I shook my head and waited for the others to react. It was over. The secret was out and, unless two miracles happened today, I had no future here either. But Yua simply whispered something into Yor's ear and he passed her over to a very distracted-looking Washi. Tatsuya just stared at me with the same unsteady brightness behind his eyes and a solemn expression.
“Now that everyone is here, let's move on to the main part of the show, shall we?” suggested Eiken, who still had Toshi held hostage. “You have two choices.”
As much as I loved being able to have a choice, which was more than I had ever had while I lived as Sheila, this scenario was starting to annoy me.
“Let me guess,” I drawled as a ringing noise filled my ears. “I either jump or I watch you hurt the others and then die anyway.”
“See, Ras?” said the lead Inquisitor. “She is clever.”
“You and that other guard both had similar ideas, even though it happened so long ago” I said. “Is that because you two knew each other? Or is it because you were both inspired by the same person?”
“I think that's enough questions for today,” he replied but his gaze darted in the direction I expected it to. “I'm sure you've decided what to do by now.”

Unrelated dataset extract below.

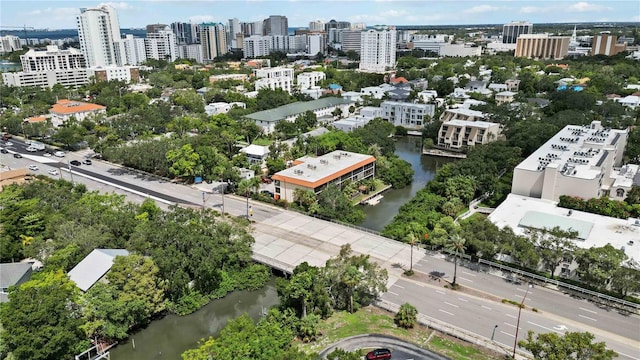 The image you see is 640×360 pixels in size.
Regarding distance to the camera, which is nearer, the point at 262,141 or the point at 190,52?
the point at 262,141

“I have.” I paused in the middle of turning towards the Jaw and Tatsuya didn't fail me.
“Shizu, don't!” he exclaimed, stopping in the middle of his rush towards me and looking down at his hands. “What?”
“What's wrong?” asked Kohaku.
“I can't change into a dragon,” he said, despair trickling down from his scalp to his feet. “Why isn't it working?”

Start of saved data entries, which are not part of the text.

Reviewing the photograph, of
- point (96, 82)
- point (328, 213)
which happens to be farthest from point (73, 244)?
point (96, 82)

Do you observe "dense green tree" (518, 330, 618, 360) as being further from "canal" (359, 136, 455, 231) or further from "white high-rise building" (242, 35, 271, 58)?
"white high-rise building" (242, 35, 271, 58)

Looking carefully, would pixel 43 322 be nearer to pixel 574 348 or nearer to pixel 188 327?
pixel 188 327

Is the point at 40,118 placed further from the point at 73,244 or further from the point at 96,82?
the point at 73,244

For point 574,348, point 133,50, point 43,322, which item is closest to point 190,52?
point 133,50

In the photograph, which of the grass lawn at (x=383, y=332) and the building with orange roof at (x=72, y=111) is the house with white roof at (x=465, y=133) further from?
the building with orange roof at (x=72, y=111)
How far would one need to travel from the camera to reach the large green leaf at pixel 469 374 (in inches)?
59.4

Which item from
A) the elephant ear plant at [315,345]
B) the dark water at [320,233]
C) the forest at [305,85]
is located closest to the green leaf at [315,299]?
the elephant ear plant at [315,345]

“I'm sure Yua and Yor have lost their powers too,” I said, continuing after Yua nodded at me. I braced myself for the next wave of treachery-induced emotions. “You might want to ask Washi why that is.”
“What?” The two brothers said simultaneously, exchanging a glance before looking back at me.
“I want to ask him why he forged letters with my handwriting,” I said, clenching my hands. “But you might want to ask him what exactly he put in your tea this afternoon.”